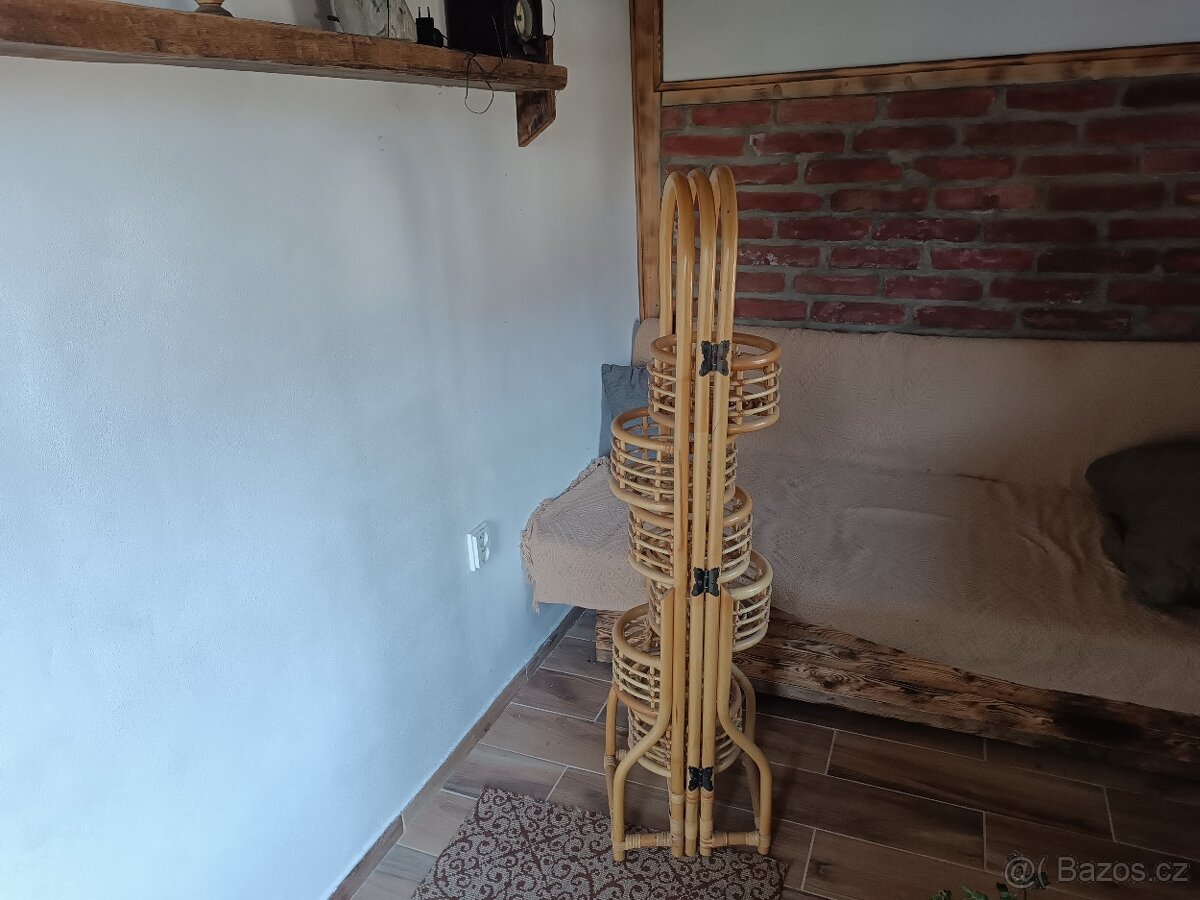 Ratanový stojan na květiny - 2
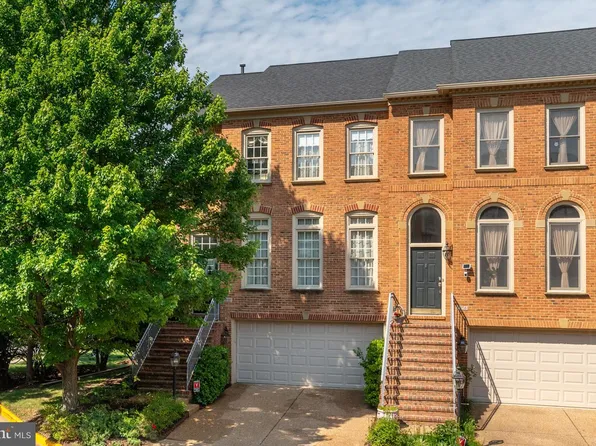 1816 Brentridge St, Vienna, VA 22182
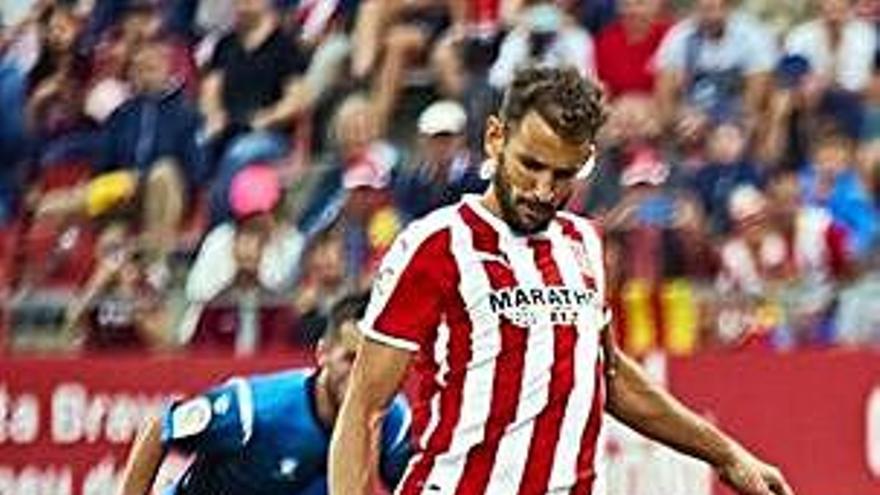 Stuani marca de penal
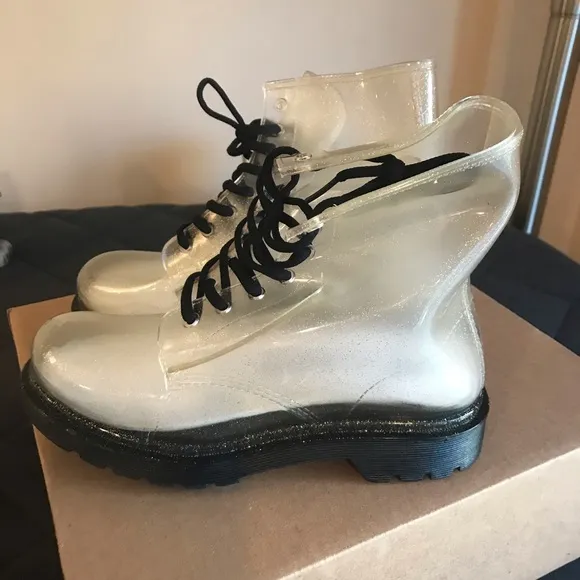 Workshop rain boots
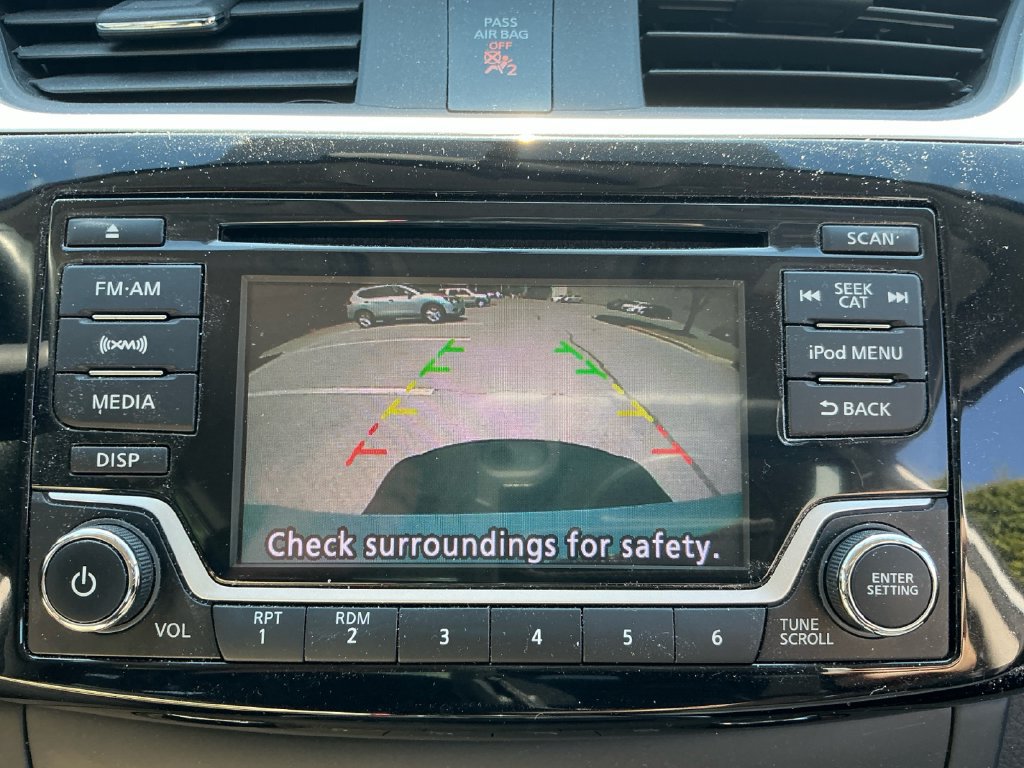 Used 2017 Nissan Sentra SV FWD image 26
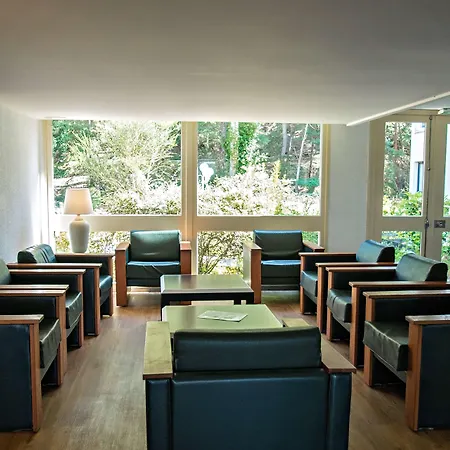 Kyriad Hotel Nemours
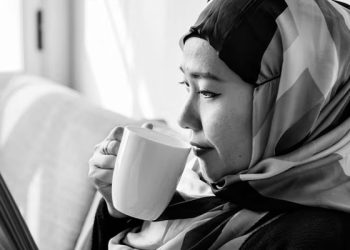 Minum Kopi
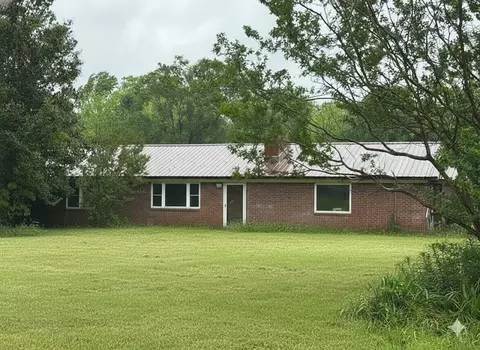 1792 Holly Creek Rd, Broken Bow, OK 74728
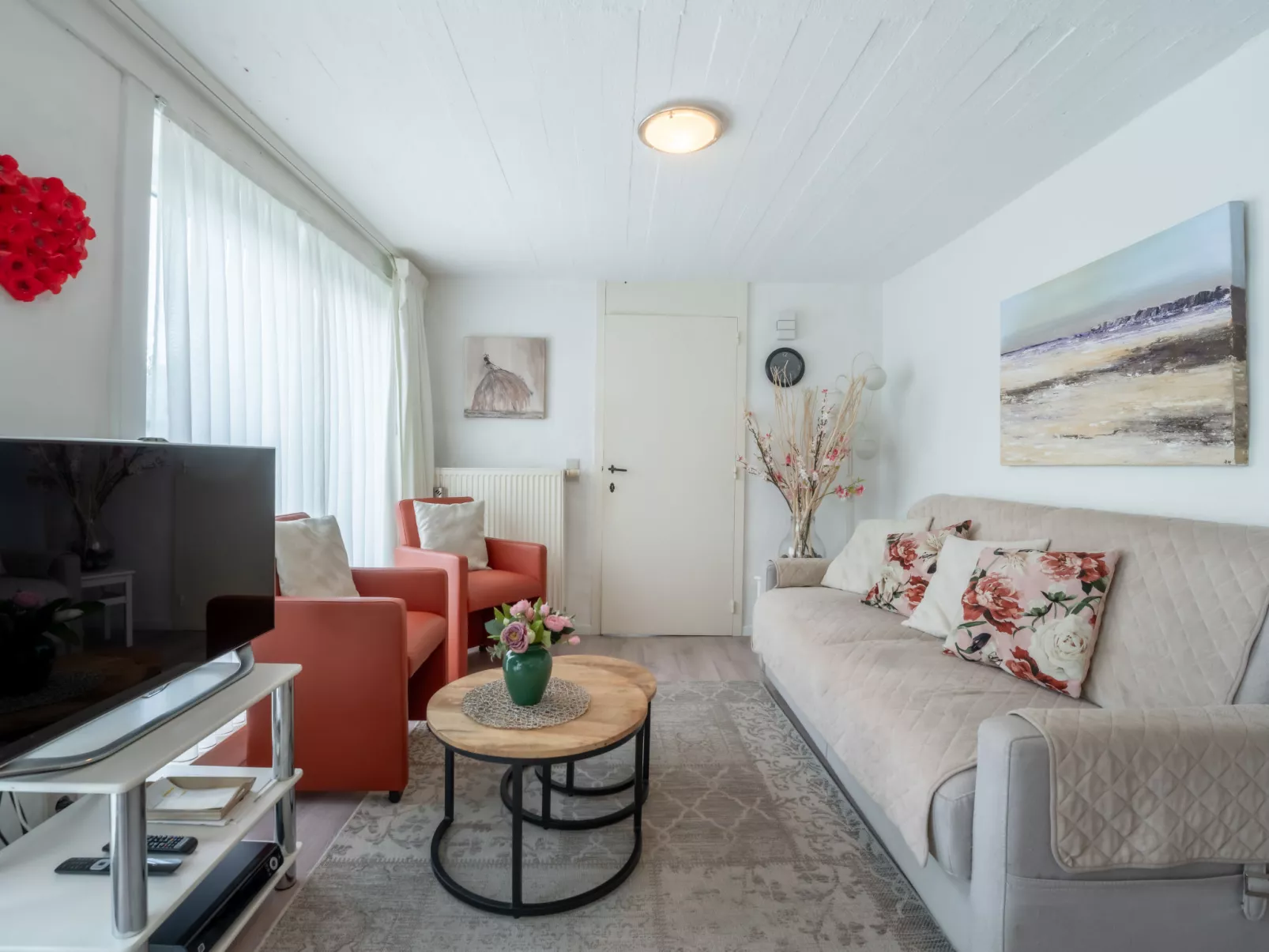 Zeelucht with private garden-Binnen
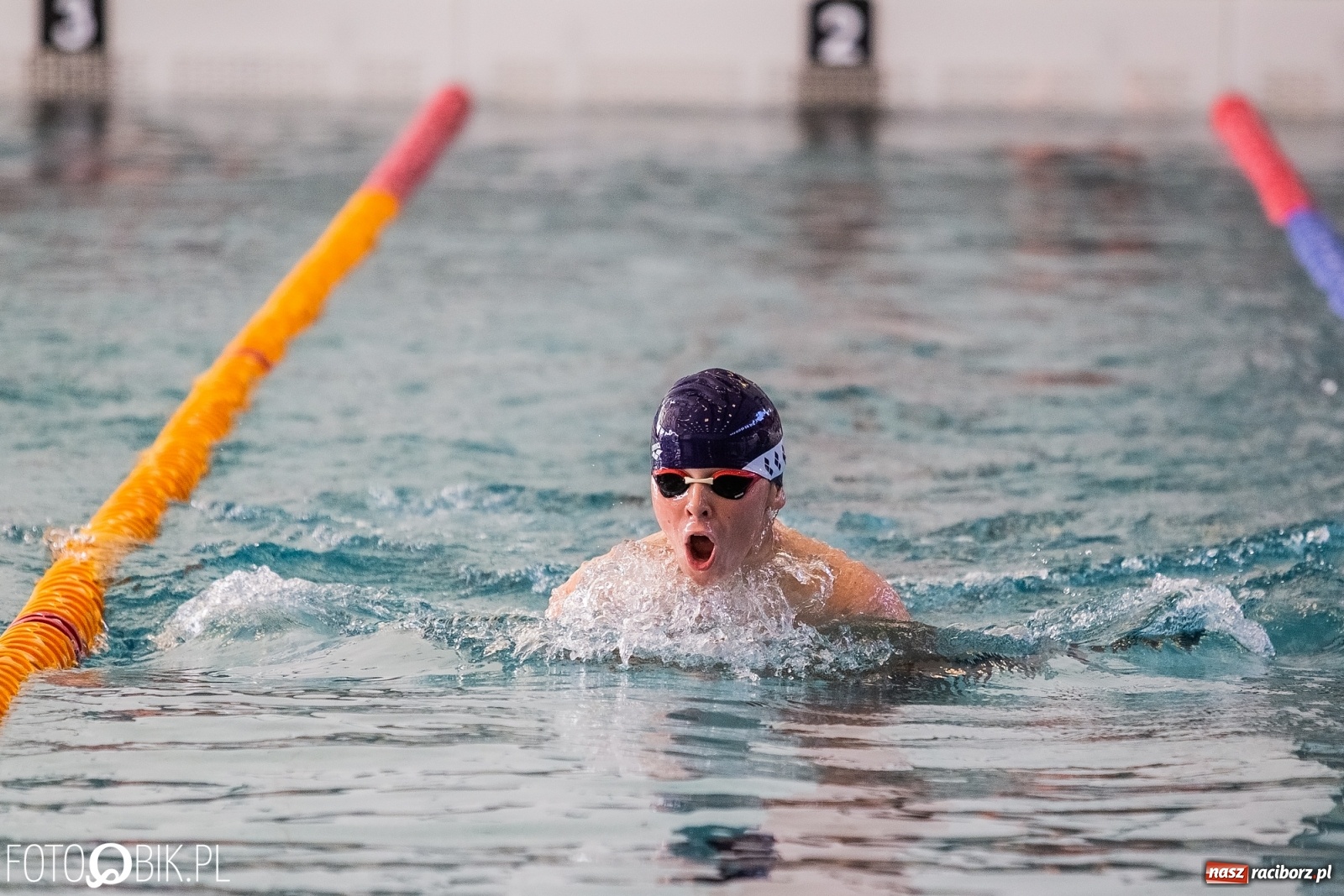 Zdjęcie w galerii na portalu naszraciborz.pl: 12. Międzynarodowe Zawody Pływackie o Puchar Dyrektora ZSOMS wiadomości z regionu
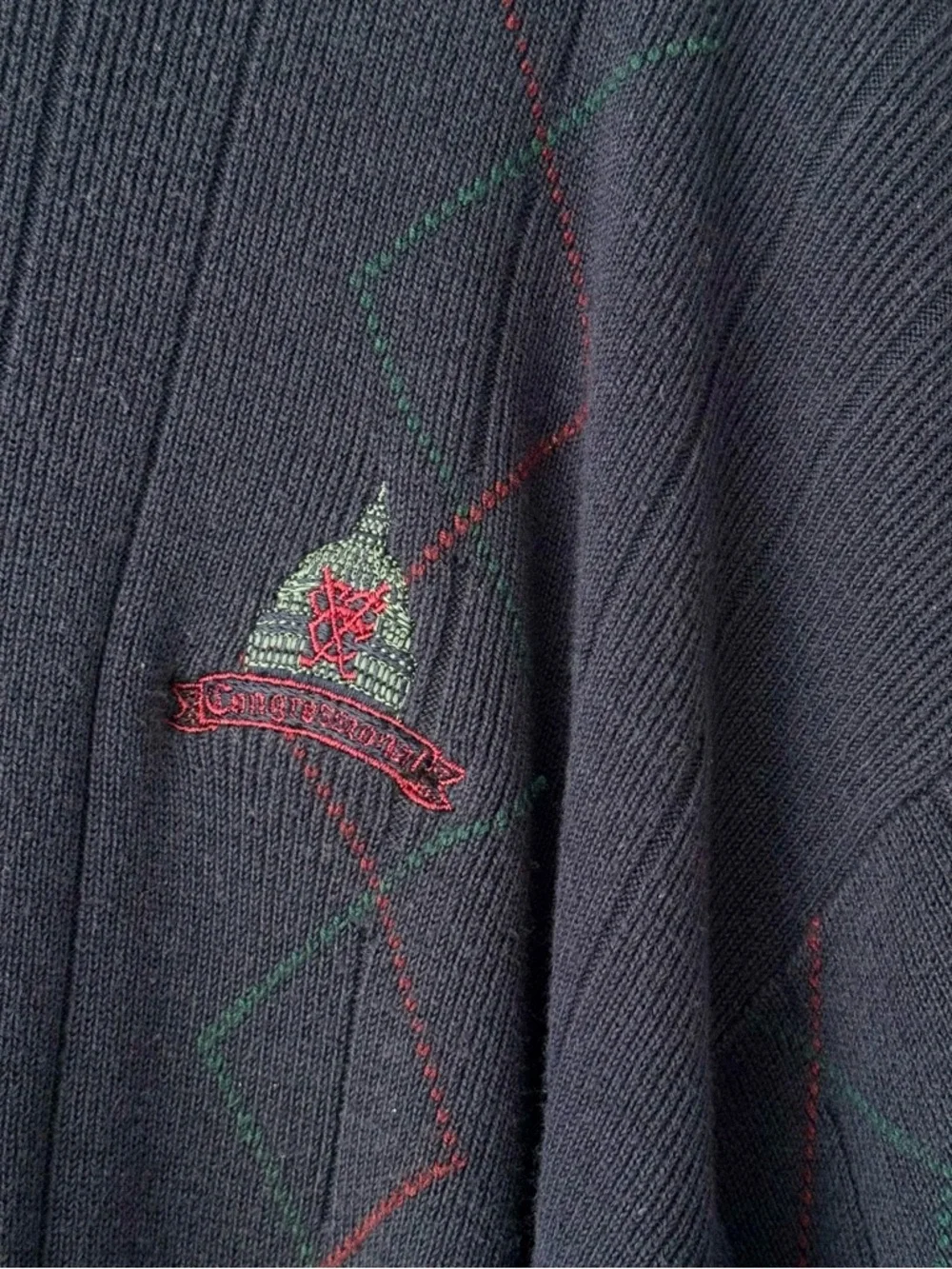 Vintage Izod Intl Tour Navy Argyle Sweater w/ Congressional Golf Embroidery – XL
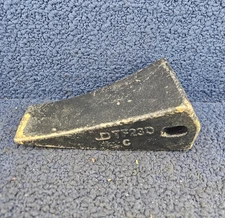 John Deere TF23D Fanggs™ Bucket Tooth Fits 50 P 50C 50D 50G 50ZTS 60 P 60D 60G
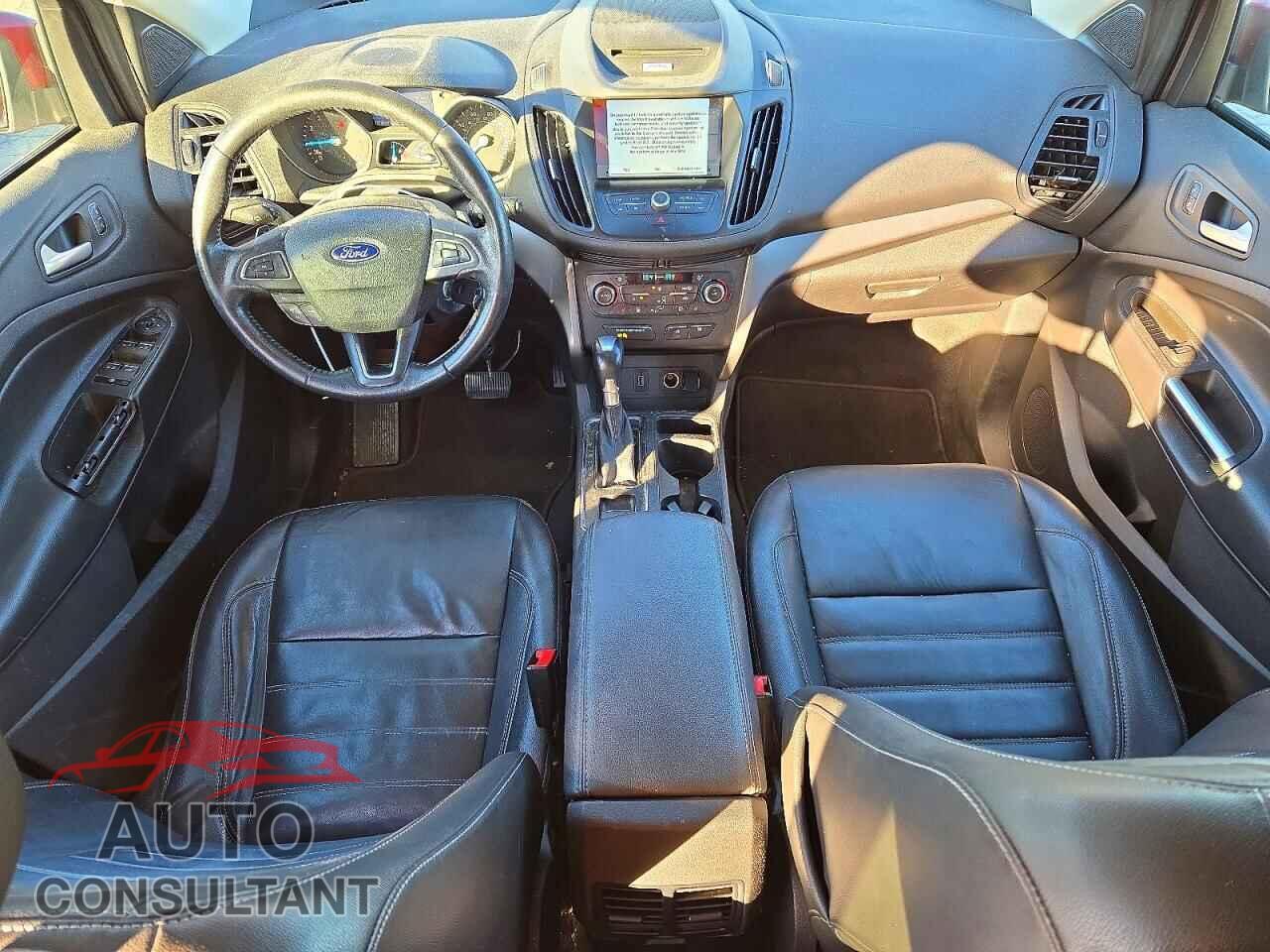 FORD ESCAPE 2017 - 1FMCU9G9XHUB35111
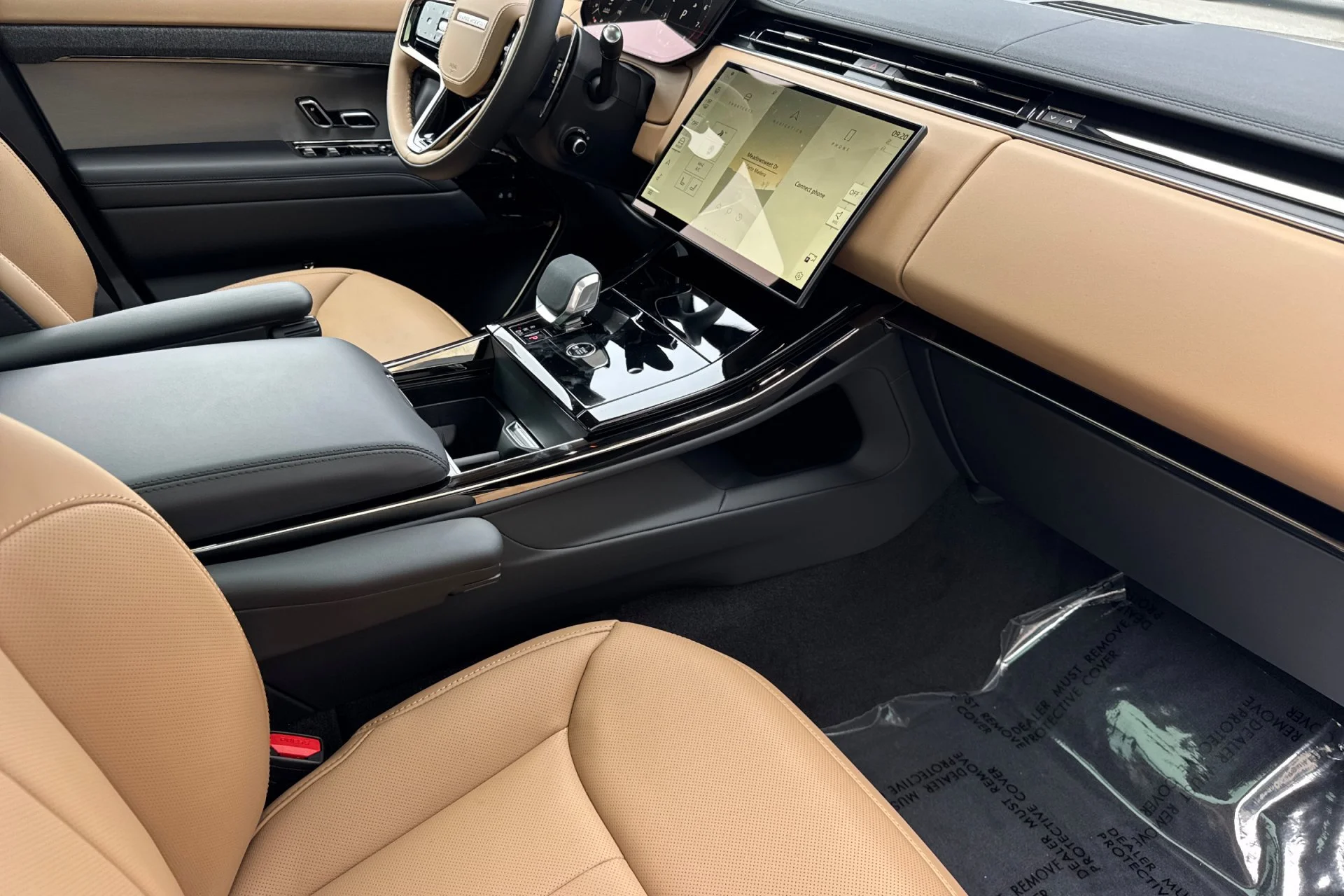 New 2026 Borasco Grey Land Rover Dynamic SE image 18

* [Problem details] Look above for the line containing "Workshop rain boots"; output that line and all lines after it through the last one exactly, without the pictures.

* [Exercise answer]
 Workshop rain boots
 Used 2017 Nissan Sentra SV FWD image 26
 Kyriad Hotel Nemours
 Minum Kopi
 1792 Holly Creek Rd, Broken Bow, OK 74728
 Zeelucht with private garden-Binnen
 Zdjęcie w galerii na portalu naszraciborz.pl: 12. Międzynarodowe Zawody Pływackie o Puchar Dyrektora ZSOMS wiadomości z regionu
 Vintage Izod Intl Tour Navy Argyle Sweater w/ Congressional Golf Embroidery – XL
 John Deere TF23D Fanggs™ Bucket Tooth Fits 50 P 50C 50D 50G 50ZTS 60 P 60D 60G
 FORD ESCAPE 2017 - 1FMCU9G9XHUB35111
 New 2026 Borasco Grey Land Rover Dynamic SE image 18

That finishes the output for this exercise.